Problem details :: For this exercise, copy all the data exactly and include none of the pictures.

Provided information ::
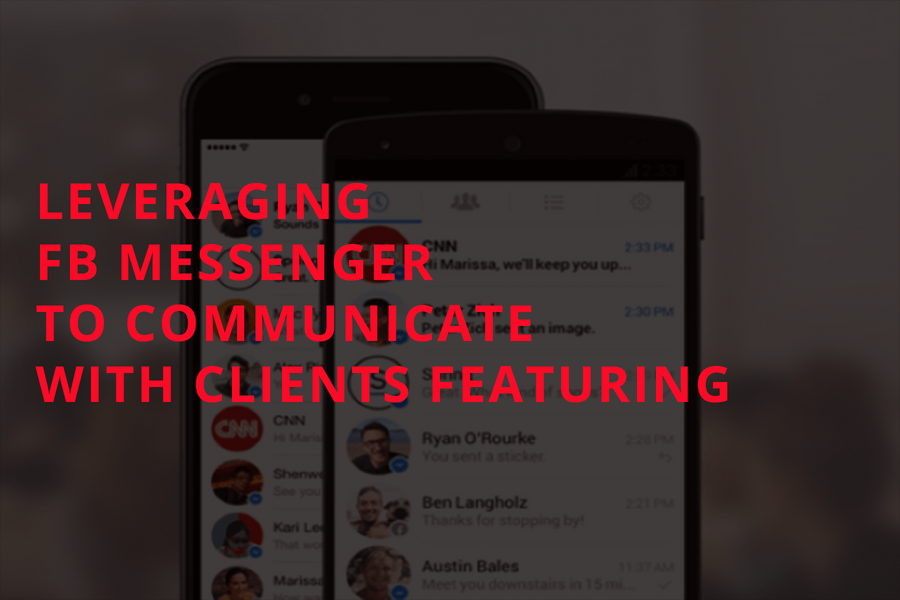 LEVERAGING FB MESSENGER TO COMMUNICATE WITH CLIENTS FEATURING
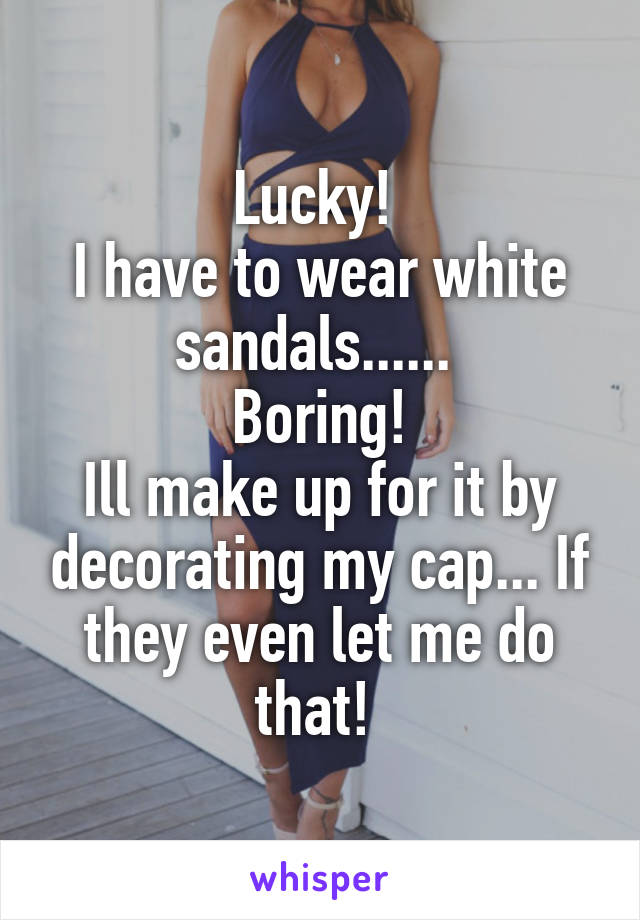 Lucky! 
I have to wear white sandals...... 
Boring!
Ill make up for it by decorating my cap... If they even let me do that! 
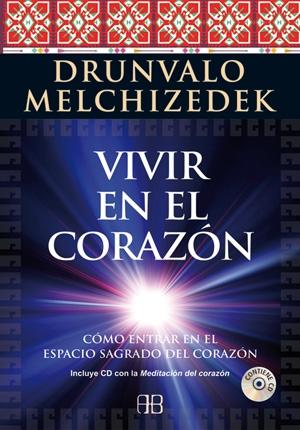 Vivir en el corazón "(Incluye CD con la "Meditación del corazón")"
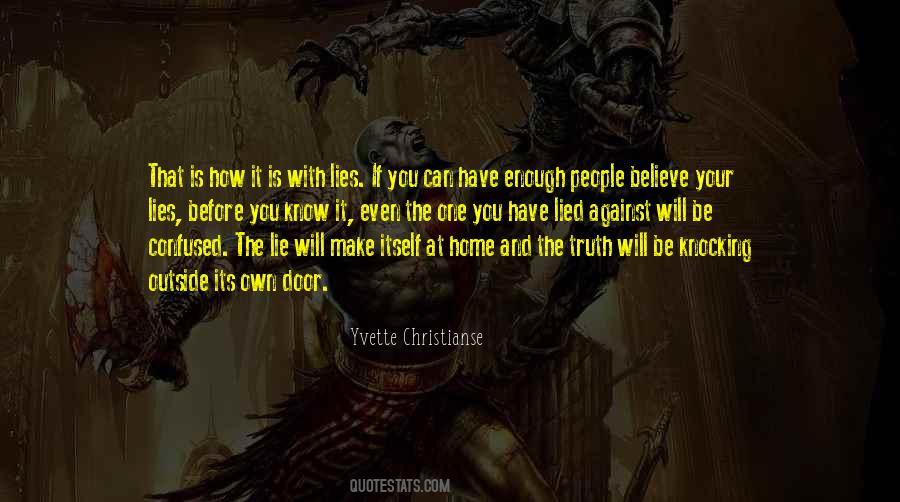 Quotes About Truth And Lies #255830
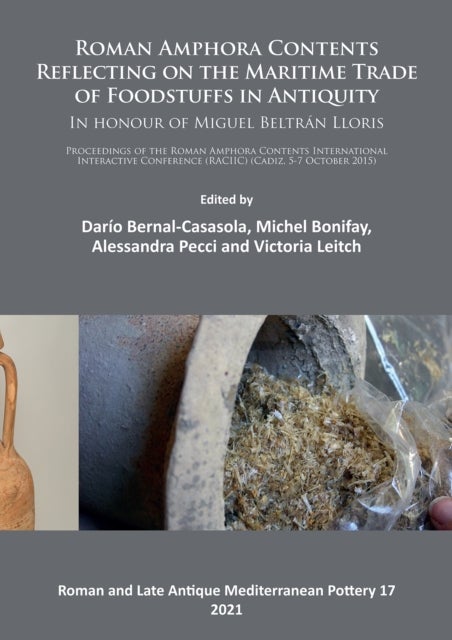 Roman Amphora Contents: Reflecting on the Maritime Trade of Foodstuffs in Antiquity (In honour of Mi - Proceedings of the Roman Amphora Contents International Interactive Conference (RACIIC) (Cadiz, 5-7 October 2015)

Solution to this problem ::
 LEVERAGING FB MESSENGER TO COMMUNICATE WITH CLIENTS FEATURING
 Lucky! 
I have to wear white sandals...... 
Boring!
Ill make up for it by decorating my cap... If they even let me do that! 
 Vivir en el corazón "(Incluye CD con la "Meditación del corazón")"
 Quotes About Truth And Lies #255830
 Roman Amphora Contents: Reflecting on the Maritime Trade of Foodstuffs in Antiquity (In honour of Mi - Proceedings of the Roman Amphora Contents International Interactive Conference (RACIIC) (Cadiz, 5-7 October 2015)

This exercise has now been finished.